|Karloff as James Lee Wong|
These first five entries - Mr. Wong, Detective, The Mystery Of Mr. Wong, Mr. Wong In Chinatown, The Fatal Hour and Doomed To Die - were decent enough B-mysteries, a little lethargically-paced, perhaps, but okay time-wasters. When Monogram began production on their sixth Mr. Wong mystery - Phantom Of Chinatown - Karloff was, for some reason, unavailable. But, instead of casting another Caucasian actor (like Roland Winters, for example), Monogram actually hired Keye Luke - probably best known as "Number One Son," Lee Chan, in the 20th Century Fox Charlie Chan films - to take over the role.
|Keye Luke as Jimmy Wong|
Of course, Luke was in his early 30s at the time, and Karloff was in his 50s, so it seemed unreasonable to expect audiences to believe that Luke's Wong was the same Wong as Karloff's, so the characters call him "Jimmy" and Withers' Lieutenant Street acts as if he's meeting Mr. Wong for the first time. Now, for some reason unknown to me, Phantom was the last Mr. Wong film at Monogram (although the scripts would all be recycled when the studio got their hands on the Chan character a few years later), but it's pretty clear that they were setting things up to continue with Keye Luke in the lead.

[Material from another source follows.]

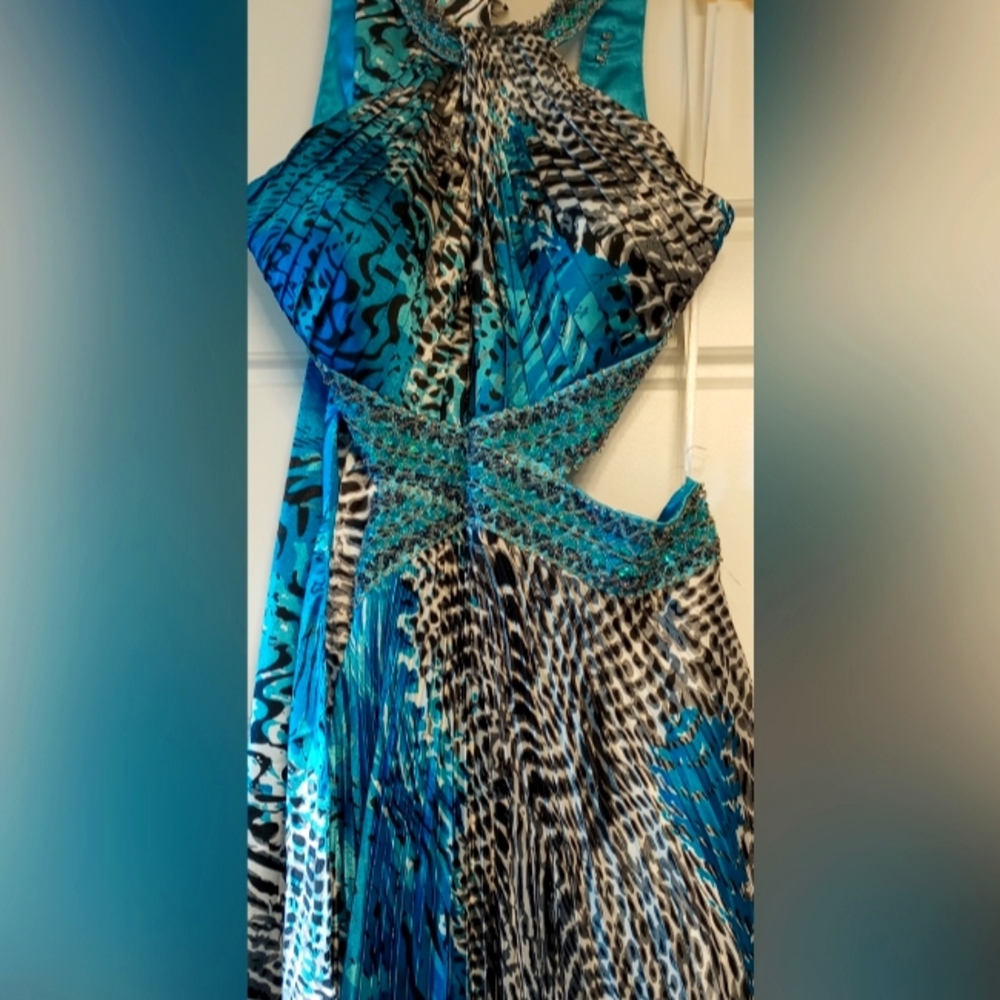 Brand new A-line Evening Gown - Picture 1 of 4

Now, there were other film mystery series that replaced lead actors during the 30s-40s - Sidney Toler replaced Warner Oland as Chan at Fox, a couple of suave British actors took turns playing The Saint at RKO before and after George Sanders, Ralph Byrd took over for Morgan Conway as RKO's Dick Tracy after a couple of films, etc. - but there was generally no acknowledgement of the change, and, as far as I can recall, in no cases did they ever just act like they were starting over from the beginning!
Nowadays, "reboots" may be annoyingly trendy and way too common (a Spider-Man reboot? Already?) -- but the idea certainly isn't new.